Pointing to North Korea's responsibility to take steps toward its denuclearization, Marie Harf, the acting spokesperson for the US State Department, said that Iran and North Korean nuclear cases were "very different issues."

"What Iran chooses to do or not do doesn't have a lot of bearing on whether North Korea lives up to its international obligations," she said during a daily press briefing last Friday.

"So we have said that if North Korea is open to coming back to the table in a credible way as part of the six-party talks, obviously, we believe the goal is the same. We need to get to a denuclearized Korean Peninsula. So the responsibility is on them, though, and regardless of what's happening in other nuclear talks around the world."

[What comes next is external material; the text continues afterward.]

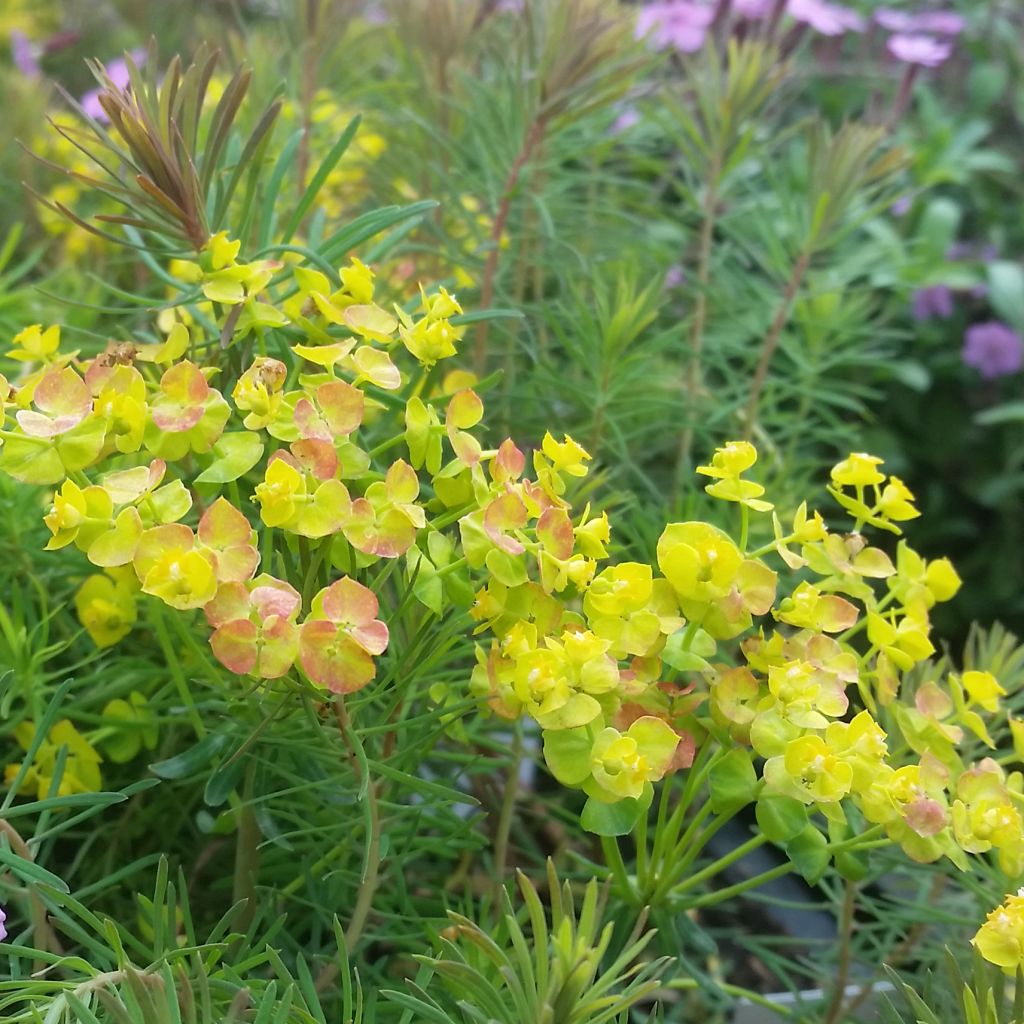 Euphorbia cyparissias Orange Man - Zypressen-Wolfsmilch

Meanwhile, officials from South Korea and other members of the six-party talks are expected to gather at a civilian forum in Japan in May to potentially discuss how to address North Korea's nuclear problem.

Director general-level officials from the six countries may attend the Northeast Asia Cooperation Dialogue, a forum hosted by the University of California's Institute on Global Conflict and Cooperation. The IGCC has reportedly sent an invitation to the North Korean delegation.

The six-party talks have been stalled since December 2008. Pyongyang had called for an unconditional resumption of the talks. But Seoul and Washington have claimed that for the talks to resume, the communist regime should first show its sincerity in its denuclearization commitments.

Angrily responding to the allies' demands for "sincerity," the North has said that it would not bargain away its nuclear arms.